[ABOUT THIS EXERCISE] Return only the lines of the listing below that run from the line with "转让全新刮板输送机数台及配件链轮链条刮板" through the line with "the album cover", both ends included, exactly as written.

[ENTRIES PROVIDED]
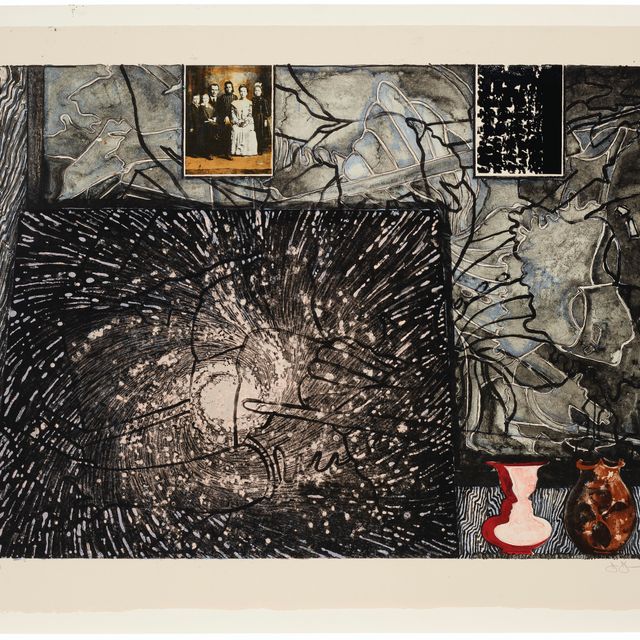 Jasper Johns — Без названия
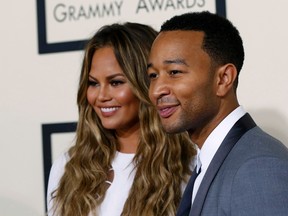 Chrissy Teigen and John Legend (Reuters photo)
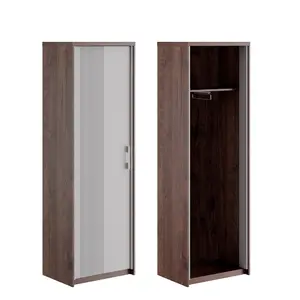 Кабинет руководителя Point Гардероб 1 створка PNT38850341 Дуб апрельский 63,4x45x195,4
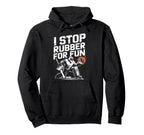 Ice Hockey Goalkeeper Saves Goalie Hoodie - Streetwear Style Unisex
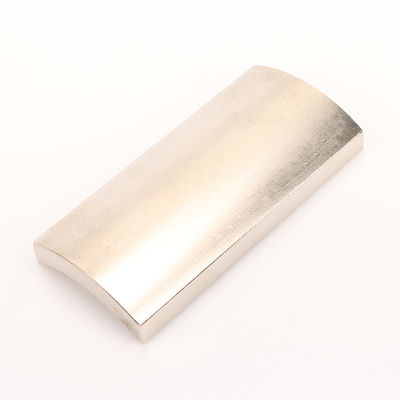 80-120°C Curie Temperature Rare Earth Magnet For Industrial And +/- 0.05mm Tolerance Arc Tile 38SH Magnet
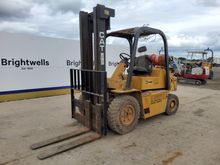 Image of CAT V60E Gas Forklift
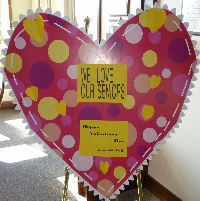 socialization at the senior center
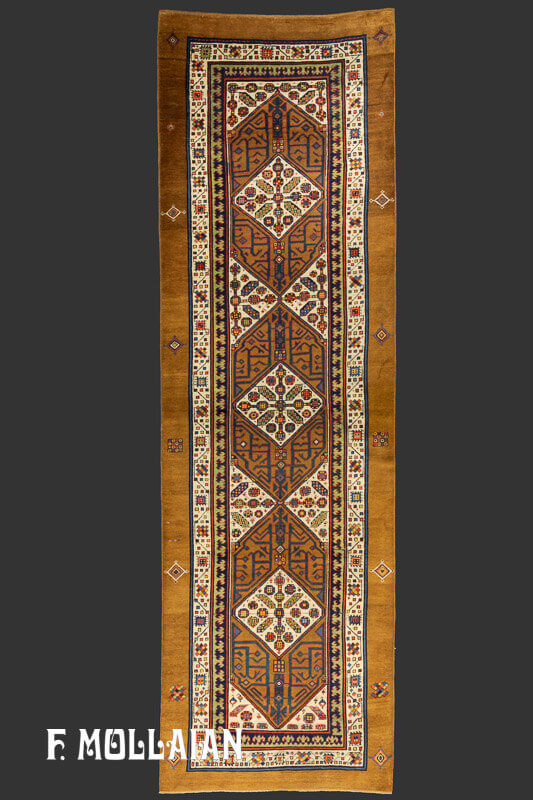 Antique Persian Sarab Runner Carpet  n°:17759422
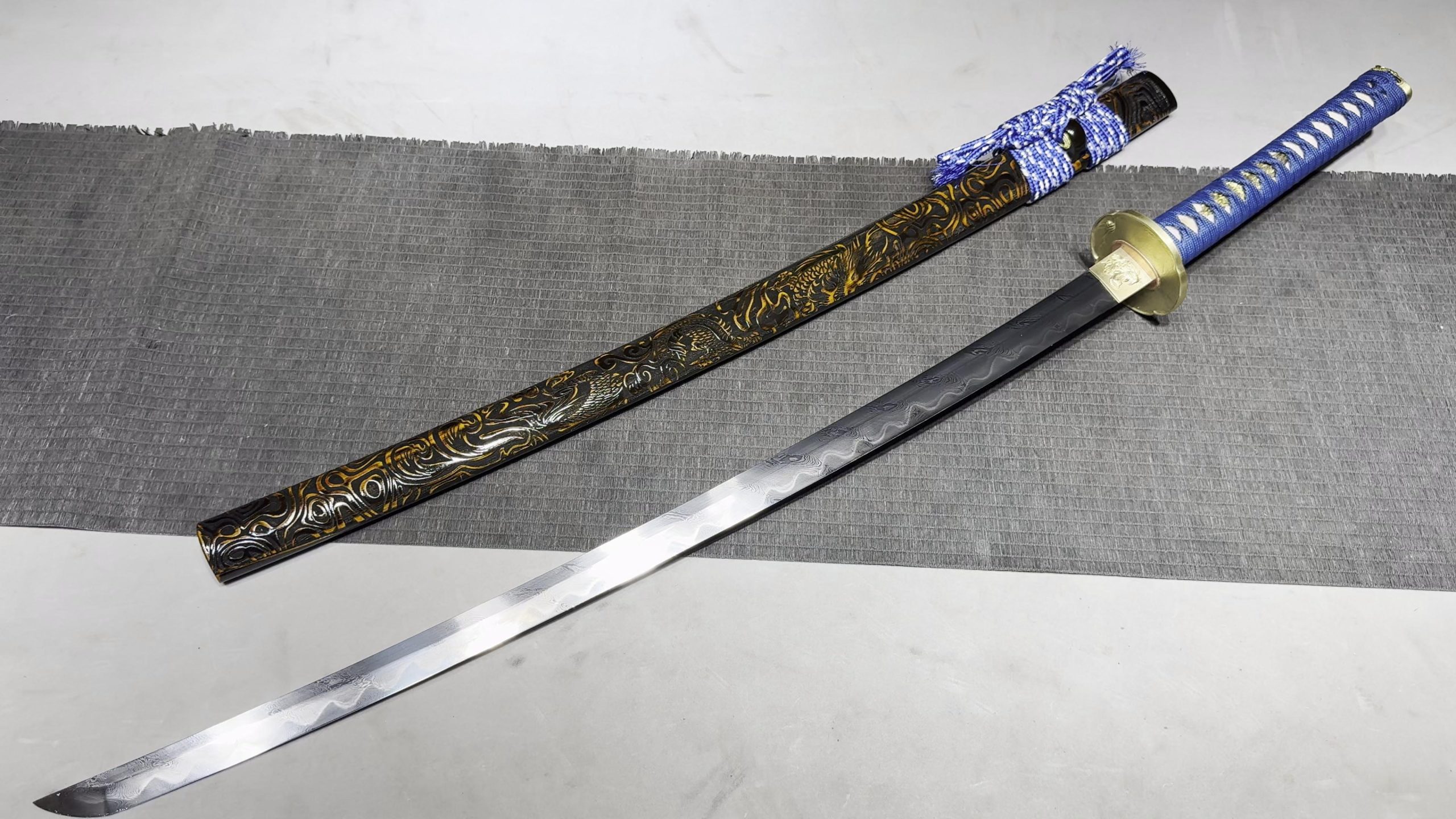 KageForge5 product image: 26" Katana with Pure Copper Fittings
---
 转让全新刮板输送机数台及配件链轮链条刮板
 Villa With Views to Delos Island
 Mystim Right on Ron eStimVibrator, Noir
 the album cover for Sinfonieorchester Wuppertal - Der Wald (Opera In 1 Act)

[YOUR RESPONSE]
 转让全新刮板输送机数台及配件链轮链条刮板
 Villa With Views to Delos Island
 Mystim Right on Ron eStimVibrator, Noir
 the album cover for Sinfonieorchester Wuppertal - Der Wald (Opera In 1 Act)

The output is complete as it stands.